Would you copy each line of the records that includes the word "black"?

▶ **Input material**
•••
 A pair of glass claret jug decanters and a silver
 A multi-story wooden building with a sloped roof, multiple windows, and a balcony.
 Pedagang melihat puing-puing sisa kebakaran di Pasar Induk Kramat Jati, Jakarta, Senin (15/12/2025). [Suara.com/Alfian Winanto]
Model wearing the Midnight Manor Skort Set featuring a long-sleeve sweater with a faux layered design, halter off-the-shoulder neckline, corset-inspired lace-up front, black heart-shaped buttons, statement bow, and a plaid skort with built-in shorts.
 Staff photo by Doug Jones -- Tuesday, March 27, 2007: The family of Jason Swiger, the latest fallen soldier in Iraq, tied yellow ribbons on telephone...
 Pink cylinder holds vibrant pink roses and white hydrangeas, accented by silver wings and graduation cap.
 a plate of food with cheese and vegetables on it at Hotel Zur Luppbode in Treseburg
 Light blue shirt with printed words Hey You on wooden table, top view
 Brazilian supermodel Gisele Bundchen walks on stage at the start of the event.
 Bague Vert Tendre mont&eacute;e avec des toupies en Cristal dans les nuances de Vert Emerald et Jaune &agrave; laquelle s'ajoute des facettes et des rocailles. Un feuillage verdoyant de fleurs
•••
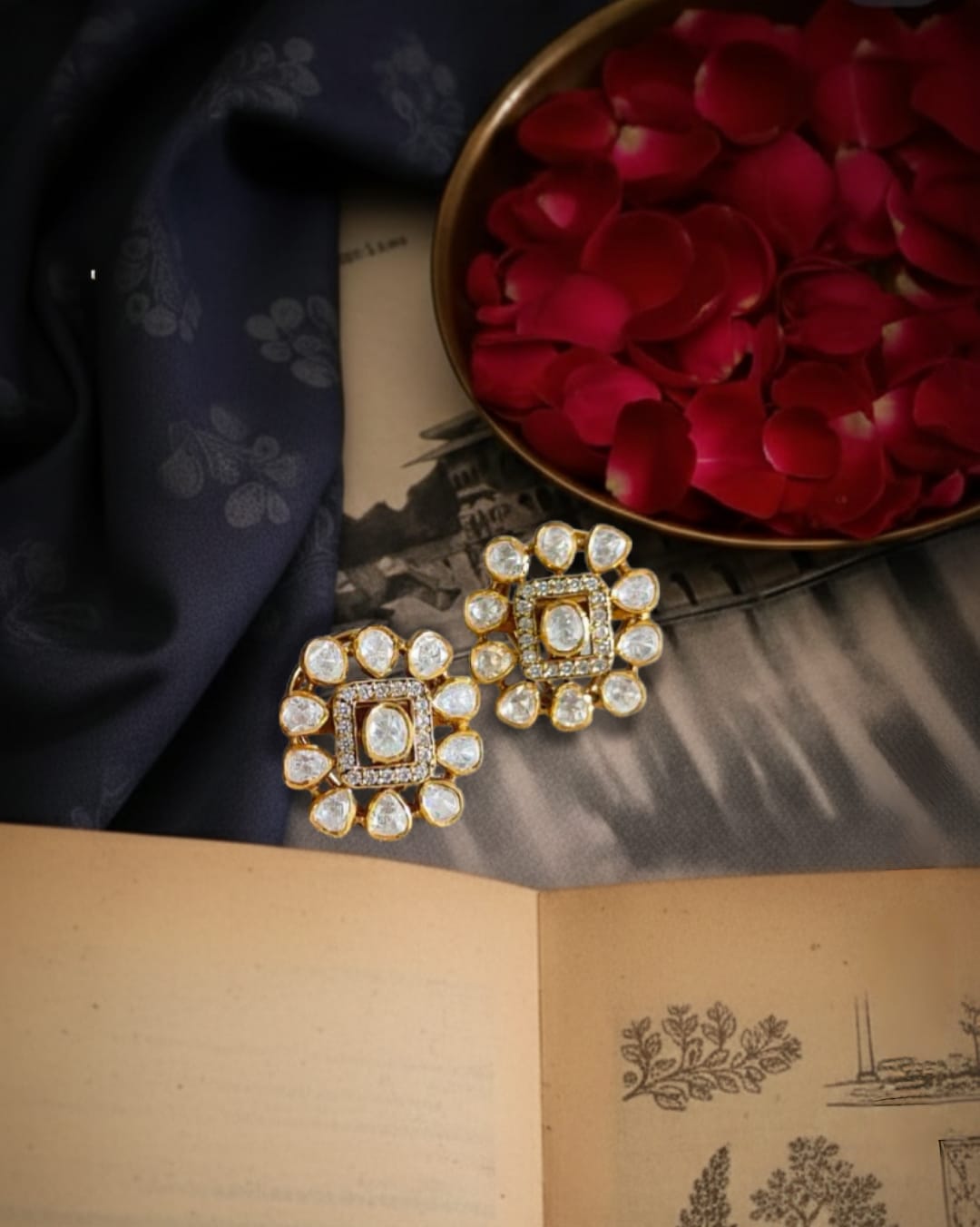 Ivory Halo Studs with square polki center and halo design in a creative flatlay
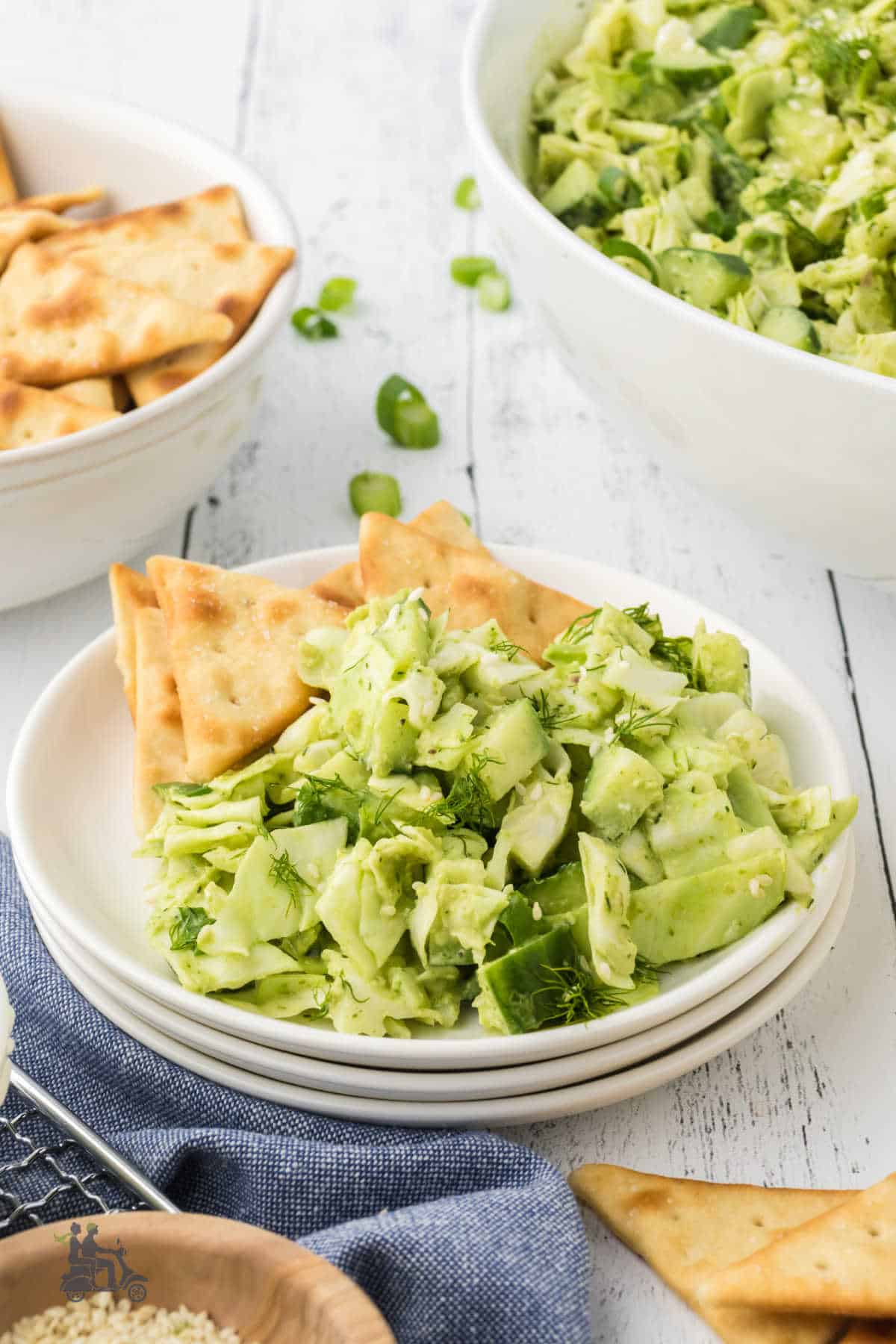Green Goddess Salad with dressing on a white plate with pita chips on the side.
•••
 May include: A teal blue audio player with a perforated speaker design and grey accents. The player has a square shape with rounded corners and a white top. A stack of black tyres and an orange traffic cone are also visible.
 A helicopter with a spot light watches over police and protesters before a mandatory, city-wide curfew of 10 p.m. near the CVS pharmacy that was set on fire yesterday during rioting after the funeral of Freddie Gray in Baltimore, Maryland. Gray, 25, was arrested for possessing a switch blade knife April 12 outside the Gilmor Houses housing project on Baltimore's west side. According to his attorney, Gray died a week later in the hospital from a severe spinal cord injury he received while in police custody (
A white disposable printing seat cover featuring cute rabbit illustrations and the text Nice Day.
•••
▶ **Exercise answer**
Model wearing the Midnight Manor Skort Set featuring a long-sleeve sweater with a faux layered design, halter off-the-shoulder neckline, corset-inspired lace-up front, black heart-shaped buttons, statement bow, and a plaid skort with built-in shorts.
 May include: A teal blue audio player with a perforated speaker design and grey accents. The player has a square shape with rounded corners and a white top. A stack of black tyres and an orange traffic cone are also visible.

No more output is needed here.